Stored data entries:

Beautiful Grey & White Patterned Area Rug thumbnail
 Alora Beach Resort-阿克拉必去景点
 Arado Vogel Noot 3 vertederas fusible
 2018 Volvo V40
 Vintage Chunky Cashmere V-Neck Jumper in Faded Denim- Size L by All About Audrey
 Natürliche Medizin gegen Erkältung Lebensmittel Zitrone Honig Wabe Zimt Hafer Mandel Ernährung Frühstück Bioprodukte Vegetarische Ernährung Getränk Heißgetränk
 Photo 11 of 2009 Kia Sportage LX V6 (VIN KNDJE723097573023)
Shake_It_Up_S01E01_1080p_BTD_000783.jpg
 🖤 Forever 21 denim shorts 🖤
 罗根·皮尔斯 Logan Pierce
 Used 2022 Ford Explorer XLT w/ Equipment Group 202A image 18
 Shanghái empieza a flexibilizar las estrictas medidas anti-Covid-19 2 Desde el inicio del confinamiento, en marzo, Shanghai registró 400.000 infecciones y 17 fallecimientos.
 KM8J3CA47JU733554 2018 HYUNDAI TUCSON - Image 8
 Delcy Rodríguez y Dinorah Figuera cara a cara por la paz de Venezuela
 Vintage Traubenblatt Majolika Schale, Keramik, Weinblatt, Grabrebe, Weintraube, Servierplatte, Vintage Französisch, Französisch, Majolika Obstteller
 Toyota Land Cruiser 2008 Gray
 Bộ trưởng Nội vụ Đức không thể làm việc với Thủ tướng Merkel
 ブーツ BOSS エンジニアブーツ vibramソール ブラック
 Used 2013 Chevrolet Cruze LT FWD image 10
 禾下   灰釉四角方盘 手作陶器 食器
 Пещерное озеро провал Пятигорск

--- Your objective ---
Please find, in the entries above, every line where "Used" occurs, and copy it.

--- Exercise response ---
 Used 2022 Ford Explorer XLT w/ Equipment Group 202A image 18
 Used 2013 Chevrolet Cruze LT FWD image 10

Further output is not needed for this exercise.